From 797aaf595ec6f5d2d7fdde8a4dc5eff8d9614fce Mon Sep 17 00:00:00 2001
From: Paul Fultz II <pfultz2@yahoo.com>
Date: Mon, 21 Oct 2024 08:59:02 -0500
Subject: [PATCH] Dont convert squeeze/unsqueeze to reshape when fusing mlir
 (#3533)

---
 src/targets/gpu/fuse_mlir.cpp |  5 +----
 src/targets/gpu/mlir.cpp      | 11 +++++++++--
 test/gpu/fuse_mlir.cpp        | 11 +++++------
 test/gpu/mlir.cpp             | 30 ++++++++++++++++++++++++++++++
 4 files changed, 45 insertions(+), 12 deletions(-)
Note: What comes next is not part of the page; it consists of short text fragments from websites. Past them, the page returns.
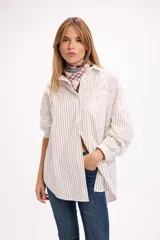 Camisa de corte oversize con estampado de rayas verticales finas en color azul sobre fondo claro. Presenta cuello clásico, cierre frontal con botones y un bolsillo aplicado en el pecho.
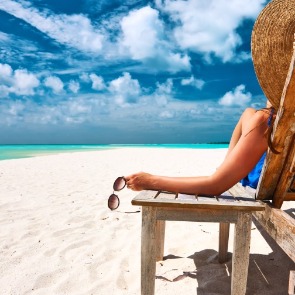 Woman sitting on a beach chair relaxing and enjoying the water views| Plumlee Indian Rocks Beach Rentals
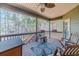 Spacious outdoor patio featuring wood floors, open views and rocking chairs; perfect for entertaining or relaxing at 255 Nicklaus Cir, Social Circle, GA 30025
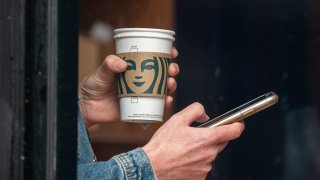 A customer holds a drink inside a Starbucks coffee shop in San Francisco, California, on Thursday, July 28, 2022.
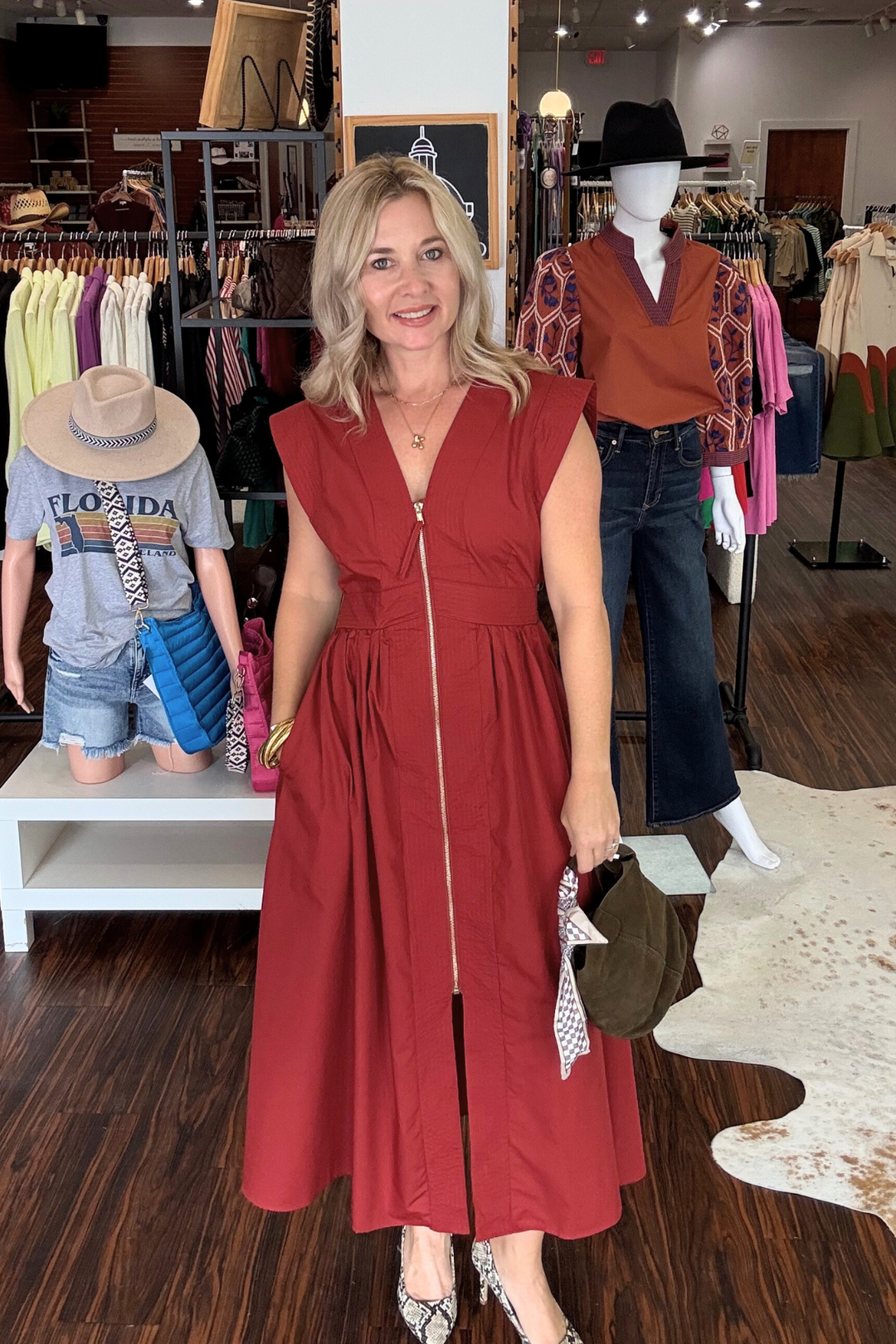 Midi dress features a modern V-neck with a zip-front closure and cap sleeves for a sleek look. Textured stitching bands add subtle detail, while a smocked waistband at the back 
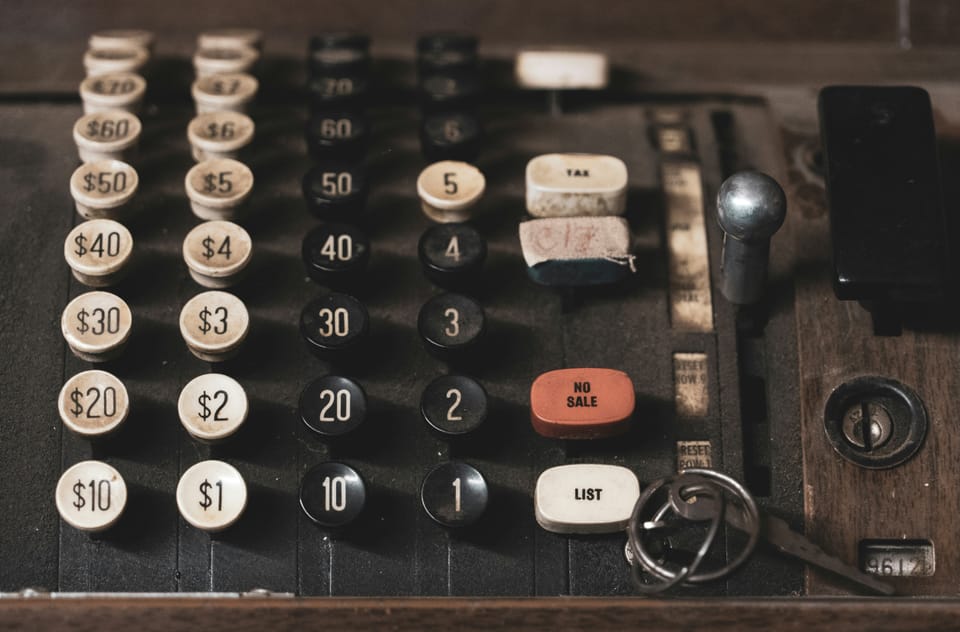 photo of a vintage adding machine with numbered dials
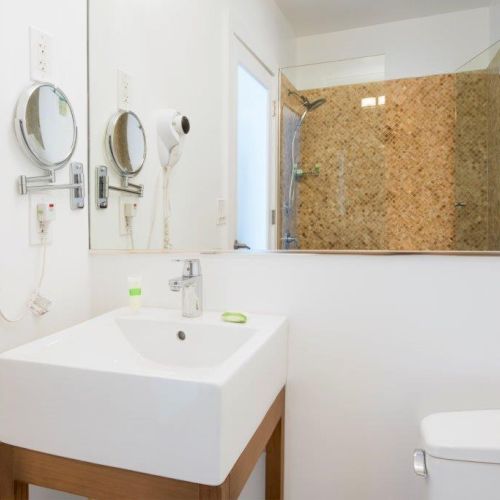 A modern bathroom features a sink, toilet, wall-mounted hairdryer, mirror, and a shower with a glass door and a tiled wall, ending the sentence.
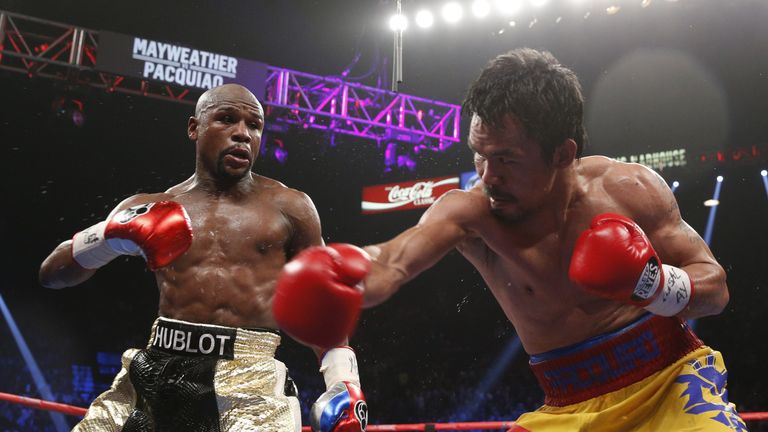 Floyd Mayweather exchanges punches with Manny Pacquiao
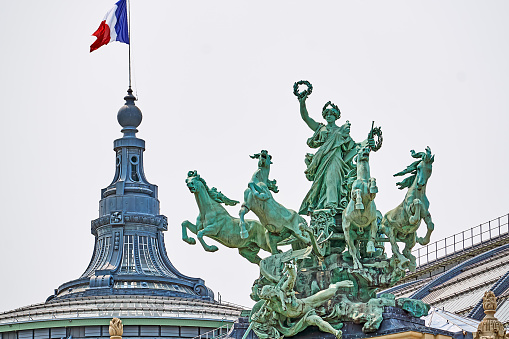 Paris, France - July 10, 2023: Statue on the Grand Palais on the Champs Elysee in Paris.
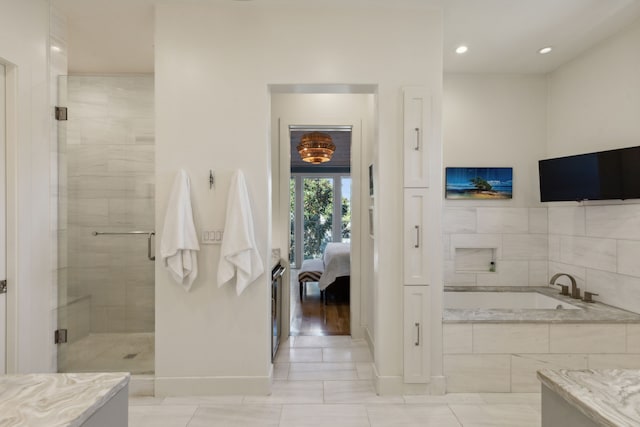 bathroom with vanity and separate shower and tub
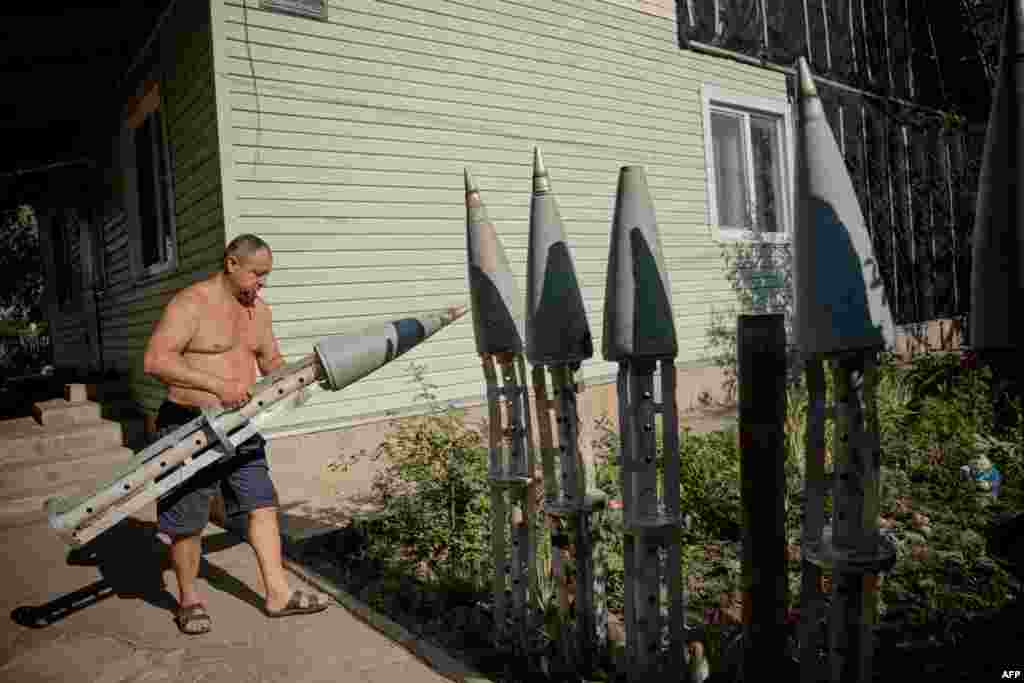A Ukrainian farmer carries the collected remains of a missile in the courtyard of his house in the village of Ruski Tyshky in the Kharkiv region.
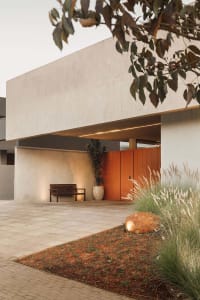 Concrete driveway with bench, potted plant, and garden in front of a modern house.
diff --git a/src/targets/gpu/fuse_mlir.cpp b/src/targets/gpu/fuse_mlir.cpp
index b2d2804003b..1b759a89c7c 100644
--- a/src/targets/gpu/fuse_mlir.cpp
+++ b/src/targets/gpu/fuse_mlir.cpp
@@ -182,6 +182,7 @@ const auto& reshaper_names()
         "broadcast",
         "contiguous",
         "reshape",
+        "lazy_reshape",
         "squeeze",
         "flatten",
         "unsqueeze"
@@ -198,10 +199,6 @@ get_fusable_input_op_stream(instruction_ref lower_input)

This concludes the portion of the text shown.